Professional ratings
Review scores
| Source | Rating |
| AllMusic |  |

==Track listing==

| No. | Title | Writer(s) | Producer(s) | Length |
|---|---|---|---|---|
| 1. | "Edward J Bass Test" (Edward J) |  | Kool Kollie | 1:51 |
| 2. | "My Boo" (Ghost Town DJ's) | Rodney Terry; Carlton Mahone; | Kool Kollie | 5:46 |
| 3. | "Thyow" (Zae') | John R. Gilliam; Gregory Allen; | Zae' | 3:02 |
| 4. | "Whatz Up, Whatz Up" (Playa Poncho and L.A. Sno) | Gerald McCrary; Ira Brown; Carlos Young; | DJ Kizzy Rock | 3:47 |
| 5. | "Shakedown" (Trigga Man and Kidd Money) | Kervin Paul; Sean Terrell Chavis; Tony Butler; | Kidd Money | 2:39 |
| 6. | "So So Def Bass Contest" (Raheem the Dream) |  | Playa Poncho; Lil' Jon; | 0:43 |
| 7. | "Koochie Kuterz" (Playa Poncho) | McCrary; Youtha Anthony Fowler; | Playa Poncho; DJ Nabs; | 3:45 |
| 8. | "City Boy Bounce" (The City Boyz) |  | DJ Herb | 1:19 |
| 9. | "Body Hop (Oh My Goodness)" (T'Baby and Big Ace) | Tarecha Strachan; Charles Ellison Jr.; Danny Lee Spohn; Herman Kelly; John Robie; Emilio Innocenti; | Danny D | 2:51 |
| 10. | "Sexiest" (Don Yute) | Jason Andrew Williams; Terry; | Kool Kollie | 3:47 |
| 11. | "Intro" (MC Shy D and DJ Smurf) |  |  | 0:16 |
| 12. | "Mega Mix" (Bass Allstars) |  |  | 4:59 |
| 13. | "Let It Burn" (Playa Poncho) | McCrary; Mahone; Jonathan Smith; Paul Lewis; Keith Sweat; Teddy Riley; | Carl Mo; The Dynamik Duo; | 5:18 |
| 14. | "Edward J Bass Test Outro" (Edward J) |  | R.O.B.; Emperor Searcy; | 2:17 |
| Total length: |  |  |  | 42:27 |

==Personnel==

- Edward J. Landrum – vocals (tracks: 1, 14)
- Virgo Williams – vocals (track 2)
- John R. "Zae'" Gilliam – vocals & producer (track 3)
- Gerald "Playa Poncho" McCrary – vocals (tracks: 4, 7, 13), producer (tracks: 6, 7)
- Ira "L.A. Sno" Brown – vocals (track 4)
- Kervin "Trigga Man" Paul – vocals (track 5)
- Sean "Kidd Money" Chavis – vocals & producer (track 5)
- Micaiah "Raheem the Dream" Raheem – vocals (track 6)
- The City Boyz – vocals (track 8)
- Tarecha "T'Baby" Strachan – vocals (track 9)
- Charles "Big Ace" Ellison Jr. – vocals (track 9)
- Jason Andrew "Don Yute" Williams – vocals (track 10)
- Michael "Mr.

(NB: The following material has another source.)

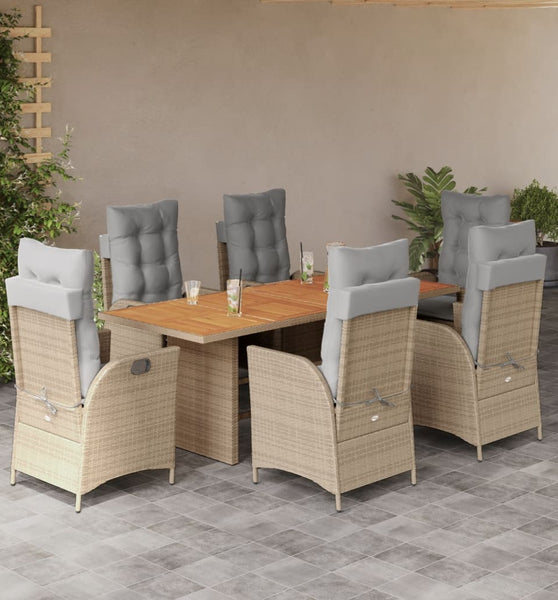 7-tlg. Garten-Essgruppe mit Kissen Beigemischung Poly Rattan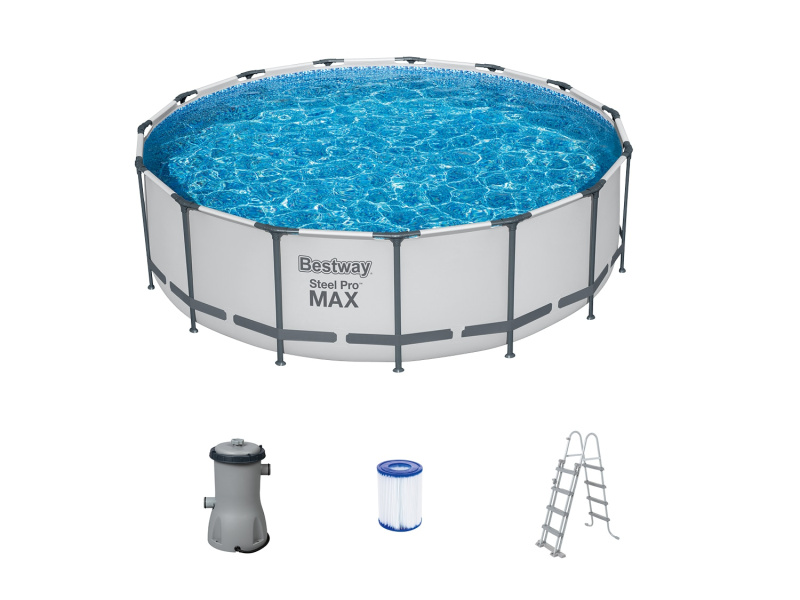 Bestway Bazén Steel ProMAX™ Frame s filtračním zařízením a schůdky, Ø 3,96 x 1,22 m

Collipark" Crooms – voice (track 11)
- Peter "MC Shy D" Jones – voice (track 11)
- Rodney "Kool Kollie" Terry – producer (tracks: 1, 2, 10), mixing (tracks: 1, 2, 10)
- Carlos "DJ Kizzy Rock" Young – producer (track 4)
- Jonathan "Lil Jon" Smith – producer (tracks: 6, 13), arranger (tracks: 1, 14), mixing (tracks: 1–4, 9, 10, 13), sequencing
- Youtha Anthony "DJ Nabs" Fowler – producer (track 7)
- Herbert "DJ Herb" Hawkins – producer (track 8)
- Danny "D" Lee Spohn – producer (track 9), mixing (tracks: 9, 12), re-mixing (track 12)
- Carlton "Carl Mo" Mahone – producer & mixing (track 13)
- Paul Lewis – producer & mixing (track 13)
- Dwayne "Emperor" Searcy – producer (track 14)
- Robert "R.O.B." McDowell – producer (track 14)
- King James – mixing (track 1)
- Zach Solem – mixing (track 3)
- Richard Wells – mixing (track 5), recording (track 8)
- Oscar Jimenez – mixing (tracks: 7, 10)
- Carlos Santos – mixing (tracks: 9, 12)
- Taj Mahal – mixing (track 13)
- Rodney Fuller – mastering
- Hans Gutknecht – sequencing
- Jermaine Dupri – executive producer

==Charts==

===Weekly charts===

| Chart (1996) | Peak position |
|---|---|
| US Billboard 200 | 32 |
| US Top R&B Albums (Billboard) | 9 |

===Year-end charts===

| Chart (1996) | Position |
|---|---|
| US Billboard 200 | 141 |
| US Top R&B Albums (Billboard) | 37 |

==Certifications==

| Region | Certification | Certified units/sales |
| United States (RIAA) | Gold | 500,000^{^} |
^{^} Shipments figures based on certification alone.